The rest of the article questions the earlier assertion that anthropology is a science, essentially by attacking the latter time irreversibility hypothesis, which is a fundamental assumption of both mechanism and materialism. Anthropologists find many societies have a concept of co-existing linear and non-linear time , for instance “the two forms the Maya imposed on their past, historical time and cosmic time”. Essentially if existence transcends linear time then a fundamental tenet of the ontology of science is undermined. This leads to the essays’ eventual conclusion that there is a belief system operating within anthropology that wishes to suppress other beliefs – “we cannot presume an anthropological discussion of the afterlife to be apolitical”.

The essay might equally have made a significant evidence based challenge to each of the three other pillars of the scientific-materialist paradigm. However at heart it is pure logic that undermines any claim by anthropology to be a science. A study of man by man must always involve the subject with the object, and it has been proved within mathematics (Godel’s incompleteness theorem) and science (Heisenberg’s uncertainty principle) that because of an infinity of self-referential feedback loops that all “knowledge” is unprovable and can ultimately be traced back to an original axiom or belief.

As Douglas Hofstadter puts it (Godel Escher Bach) “By the way, in passing, it is interesting to note that all results essentially dependent on the fusion of subject and object have been limitative results. In addition to the limitative Theorums [eg Gödel’s Incompleteness Theorum], there is Heisenberg’s uncertainty principle, which says that measuring one quantity renders impossible the simultaneous measurement of a related quantity. I don’t know why all these results are limitative.

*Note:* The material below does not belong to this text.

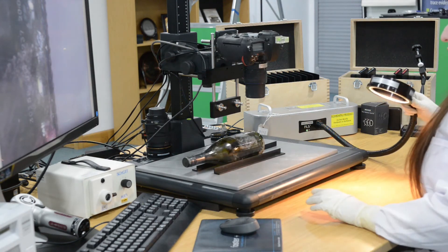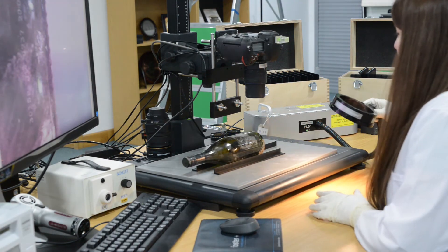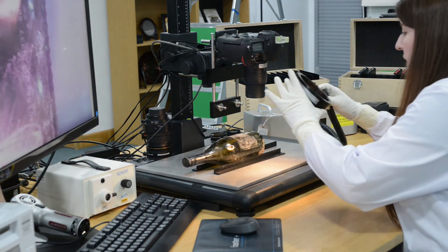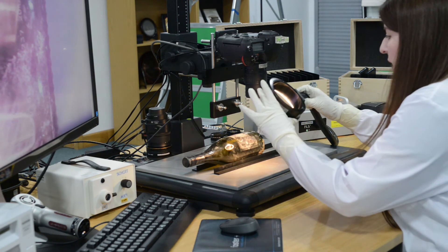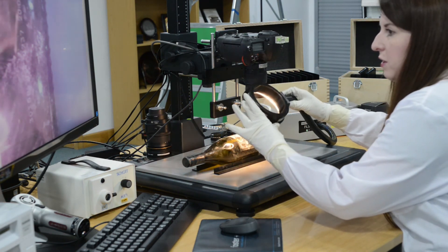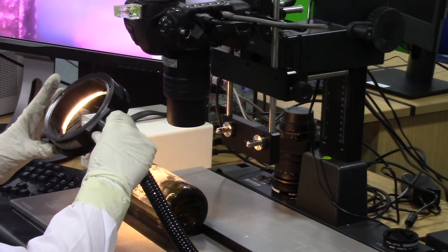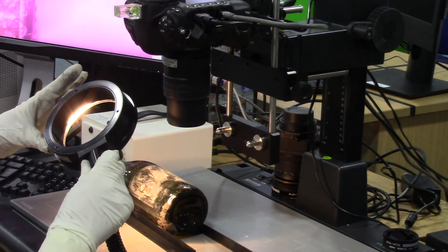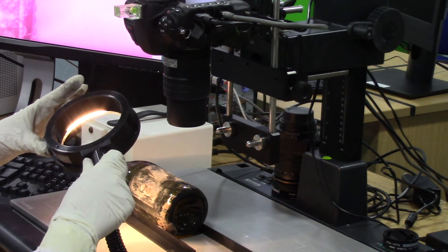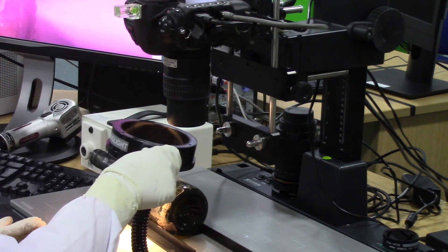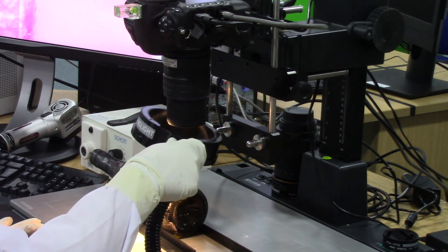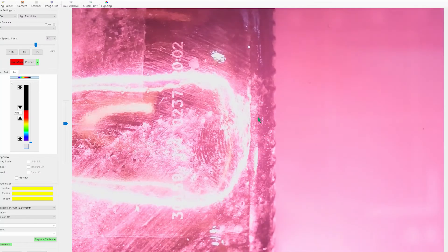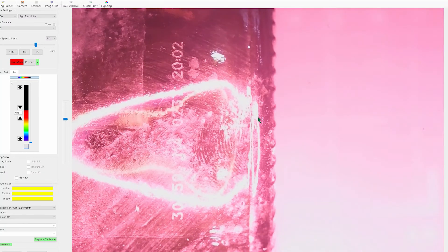For the final object that we're going to look at we're going to have a look at actually a glass bottle that's been recovered from this arson scene and at the base of the bottle we can actually start to see a finger mark developing.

Make of it what you will.”

Faith is at the core of all, and we would do well to step outside the edifice of thought that it gives birth to, and openly acknowledge our intrinsic beliefs. Atheist materialists simply start from that as an axiom (see above for the 4 hypotheses underlying the scientific worldview). Their dishonesty is to pretend that the resultant logic chain somehow proves the initial premise. Other great religions at least simply state their belief as just that – belief.